● What to work on
State how many lines below hold the word "property". Give that number and no other text.

▼

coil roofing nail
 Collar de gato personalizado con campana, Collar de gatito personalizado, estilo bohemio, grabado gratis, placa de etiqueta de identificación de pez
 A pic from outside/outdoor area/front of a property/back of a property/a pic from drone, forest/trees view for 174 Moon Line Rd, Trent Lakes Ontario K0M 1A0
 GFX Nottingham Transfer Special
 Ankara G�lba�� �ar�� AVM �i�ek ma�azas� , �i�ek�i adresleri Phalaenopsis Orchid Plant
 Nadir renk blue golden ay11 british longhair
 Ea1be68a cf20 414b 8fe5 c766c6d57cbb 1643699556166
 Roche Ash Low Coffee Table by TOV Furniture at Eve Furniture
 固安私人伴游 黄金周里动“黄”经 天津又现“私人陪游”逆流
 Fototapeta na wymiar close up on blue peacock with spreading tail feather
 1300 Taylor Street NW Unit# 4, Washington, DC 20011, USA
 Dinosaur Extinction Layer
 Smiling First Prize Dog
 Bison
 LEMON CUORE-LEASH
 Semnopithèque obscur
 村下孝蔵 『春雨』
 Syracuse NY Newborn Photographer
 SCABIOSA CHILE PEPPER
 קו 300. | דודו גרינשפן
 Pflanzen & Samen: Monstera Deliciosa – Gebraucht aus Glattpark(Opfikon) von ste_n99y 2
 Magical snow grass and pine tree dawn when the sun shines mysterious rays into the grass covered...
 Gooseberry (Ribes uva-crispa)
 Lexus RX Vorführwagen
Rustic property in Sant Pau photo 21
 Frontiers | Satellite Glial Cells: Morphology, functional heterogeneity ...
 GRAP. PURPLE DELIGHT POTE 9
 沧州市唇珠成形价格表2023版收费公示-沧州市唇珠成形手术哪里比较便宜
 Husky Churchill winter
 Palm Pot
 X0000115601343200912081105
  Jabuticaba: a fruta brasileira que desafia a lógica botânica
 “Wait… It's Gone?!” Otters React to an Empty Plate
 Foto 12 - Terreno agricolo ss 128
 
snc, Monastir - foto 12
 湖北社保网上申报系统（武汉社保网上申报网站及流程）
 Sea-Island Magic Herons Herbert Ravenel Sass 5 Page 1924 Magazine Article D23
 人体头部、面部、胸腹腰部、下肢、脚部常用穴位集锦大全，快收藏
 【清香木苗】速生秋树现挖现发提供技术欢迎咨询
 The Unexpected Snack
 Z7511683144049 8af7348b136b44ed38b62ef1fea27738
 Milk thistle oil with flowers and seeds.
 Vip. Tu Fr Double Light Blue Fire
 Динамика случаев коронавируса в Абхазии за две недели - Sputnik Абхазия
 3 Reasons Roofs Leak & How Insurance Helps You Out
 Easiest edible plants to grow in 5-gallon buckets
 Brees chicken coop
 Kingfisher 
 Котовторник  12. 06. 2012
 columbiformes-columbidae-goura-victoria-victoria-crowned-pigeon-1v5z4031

▲

● Result for this exercise
2